According to a research
published in an article paclitexal loaded Liposomes were produced with
SPC:CHOL:PEG2000- DSPE:tocopherol:PTX?16.2:3.8:1.3:0.2:1 molar concentration by
thin film hydration method (Umrethia et al. 2007). Briefly, SPC, CHOL, and PTX were
weighed precisely  and then dissolved in
organic phase, that is, chloroform (5 mL) in a 100-mL round bottom flask. This
was assembled with a rotary evaporator and the organic phase was evaporated at
45?2°C, which forms the film on the wall of the flask. The other processingparameters
, such as rotational speed of evaporating flask (100 rpm) and vacuum (250 mmHg)
were maintained constant. The round bottom flask comprising  thin lipid film was left in vacuum desiccator
overnight to evaporate  the solvent
residuals if any. After that it was hydrated with phosphate-buffered saline
(PBS), pH 7.4, utilizing  vortex mixture
for about 2 min to form conventional liposomes. This liposomal suspension was left
at room temperature for about 2 h to obtain  complete swelling. The resulting suspension
was sonicated for 12 min in probe sonicator (220 W) to get small and homogenous
vesicles and extruded via  polycarbonate
membrane of 0.2 mm pore size.  (Xu
and Meng, 2016)


According to another
research , Both the conventional liposome consists of S100PC/CH (90:10, molar
concentration) and the PEGylated liposome consisting  of S100PC/CH/MPEG2000-DSPE (90:10:5 as a mola concentration)

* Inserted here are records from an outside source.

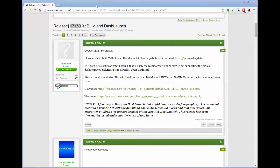Hey guys and gals, Weekend Modder here. I wanted to run through an update video so that I can share this with my customers in particular on how you can perform a dashboard update on your Xbox 360.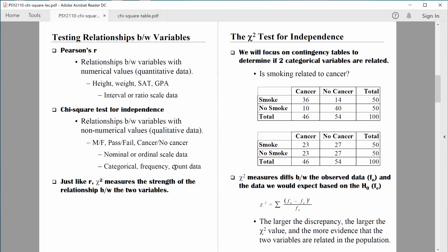Just like the r-value we learned to compute previously, the chi-square value we're going to compute today measures the strength of the relationship between two variables. For the chi-square test for independence, we put our data into tables called contingency tables — specifically two-by-two contingency tables. For this test, I'm always asking: are two categorical variables related? For example, is smoking status related to cancer status?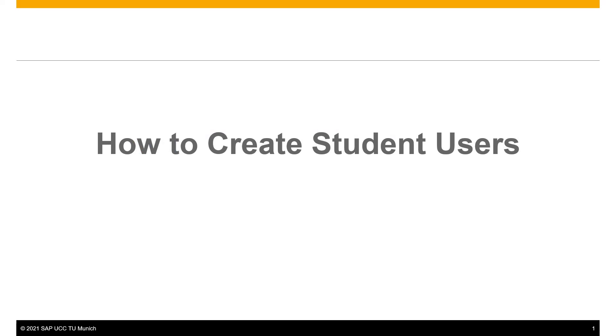In this video, we will show you how to create student users for remote login activation.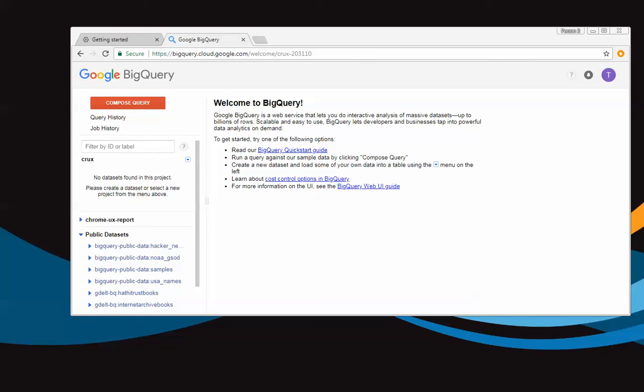Hello, I'm Paul Calvano. So what we're going to do during this video is I want to explore some of the Chrome user experience report data so that we can understand how the data is structured and how it puts us in a good place for starting to query the data in the next video.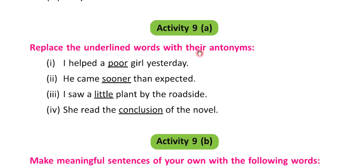Replace the underlined words with their antonyms. The antonym is a word that means the opposite.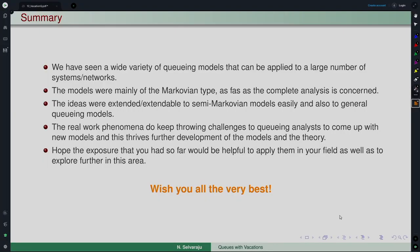In summary, this course has covered a wide variety of queuing models, starting from birth-death models to general Markovian models. General Markovian models arise because of various features incorporated, such as retrials, impatience, vacation, or other features, applicable to a large number of systems and networks. The course concentrated mainly on Markovian-type models, where complete analysis is possible, and these ideas extend readily to semi-Markovian models and general queuing network models.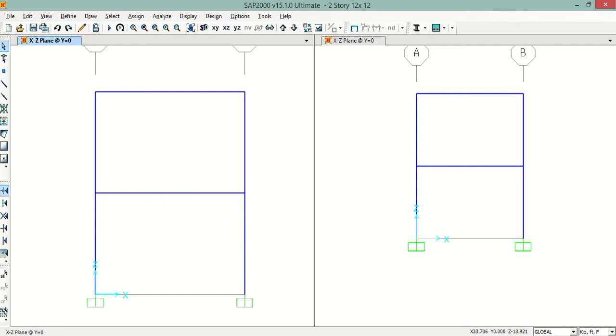Bismillah ar-Rahman ar-Rahim. In this tutorial, I will show you how to check and determine the design base shear of a structure in SAFE 2000.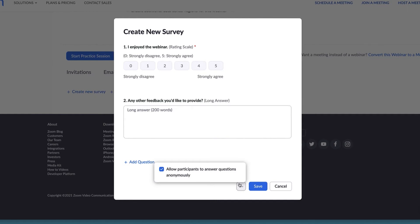This means the attendees' survey information is anonymous in the reports. When your survey is complete, click Save.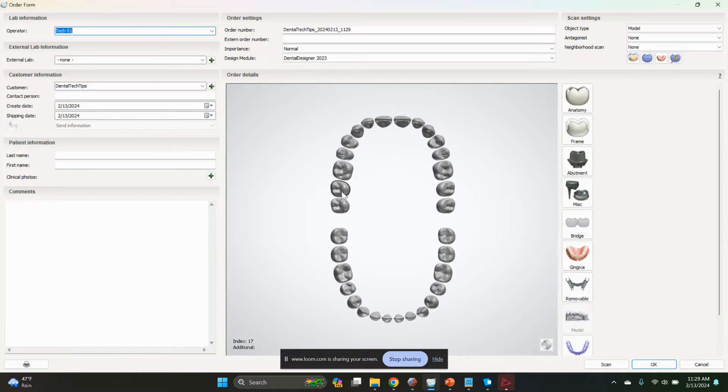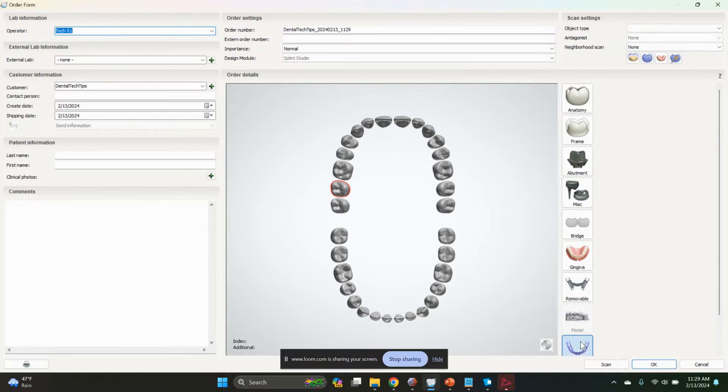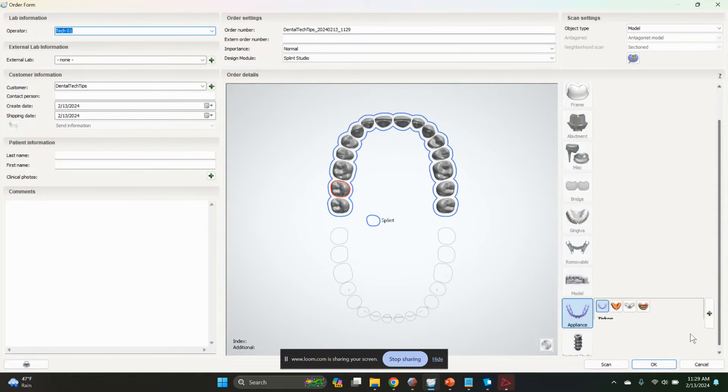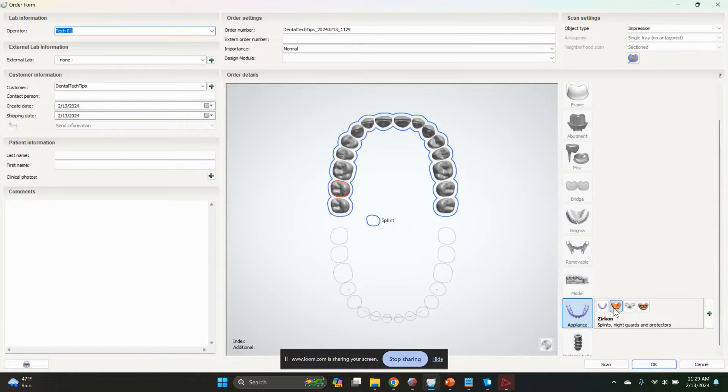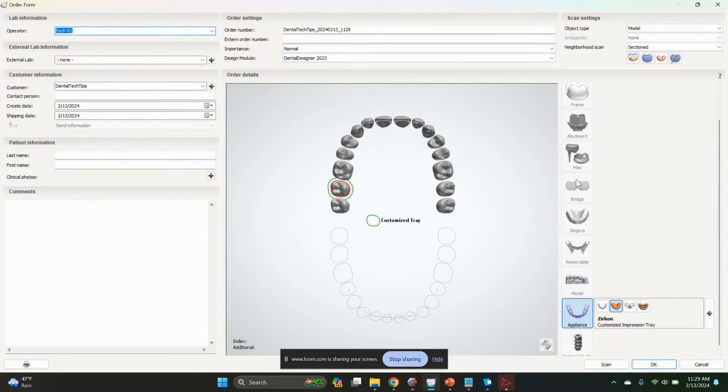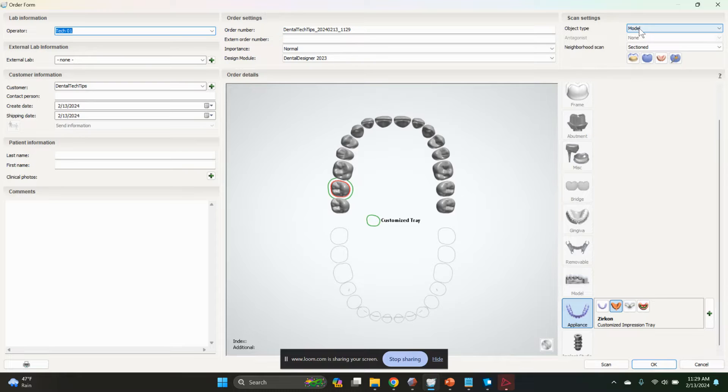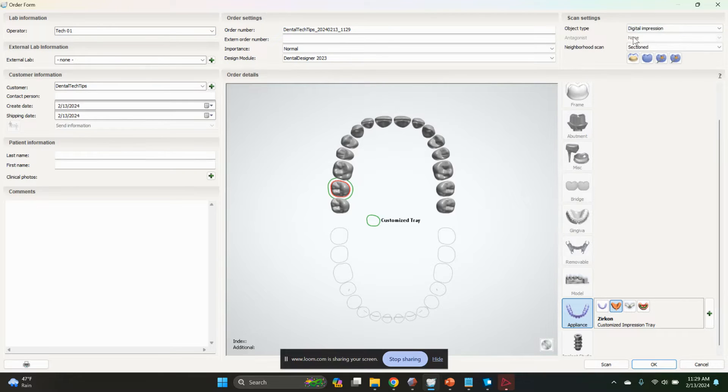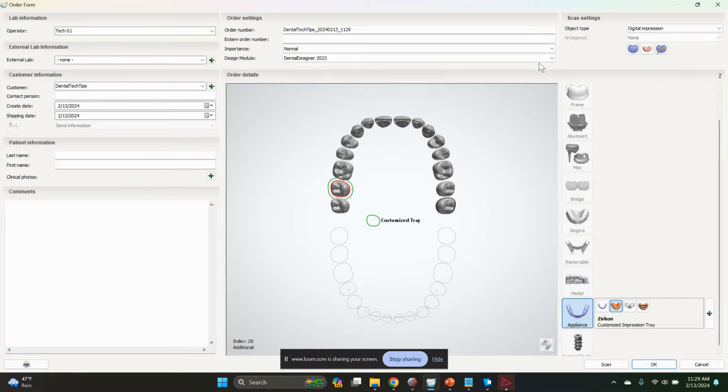Order form - just select a custom tray. This works as well if you don't have removable module or anything like that. We're just going to make it a digital impression. Go ahead and hit okay.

were produced by improved thin-film hydration technique .Temporarily , the
hydrophobic excipients, paclitaxel (3.5 mg/mL), CH and lipids 10% (w/v) S100PC
and MPEG2000-DSPE, were dissolved in chloroform and transferred into a appropriate
conical flask. The flask was thenassembled with a BUCHI R-200 rotary evaporator
¨ (Flawil, Switzerland) and water bath (BUCHI B-490) with tem- ¨ perature
maintained at 40 ?C under the aspirate vacuum. The thin-film layer formed was washed
with nitrogen gas for 5 min and maintained overnight under vacuum to evaporate traces
of chloroform. The thin-film was re-suspended in phosphate buffer saline (PBS,
pH 4.0) with or without 3% (v/v) Tween 80 by rotating the flask at
approximately t 300 rpm till the lipid film was entirely hydrated. Then, the
liposome dispersion was passed through 1.2, 0.4 sequencially and finally 0.2 m
pore size filters (IsoporeTM) under nitrogen gas with an extruder (Northern
Lipids, Inc., Canada). Un-entrapped paclitaxel was detached from the liposome
suspensions by centrifuging at 1000 rpm for 10 min, after that  the supernatant liposomal dispersion was
centrifuged at 50,000 rpm for 30 min to precipitate the liposomes. Entire precipitation
of liposomes was revealed  by observing
the absence of particles in the supernatant utilizing a NICOMP 370 Submicron
Particle Sizer. The supernatant was wasted , and the liposome pellet was washed
two times with PBS (pH 7.4). The pellet was then suspended in distilled water havingsucrose
(molar ratio of sugar-to-lipid = 2.3), and freeze-dried (Laboratory Floor Model
Freeze-dryer FD5512, Ilshin, Seoul, Korea). The concluding liposome particles
were kept in tight containers at 4 ?C for additional experiments. (Yang et al., 2007)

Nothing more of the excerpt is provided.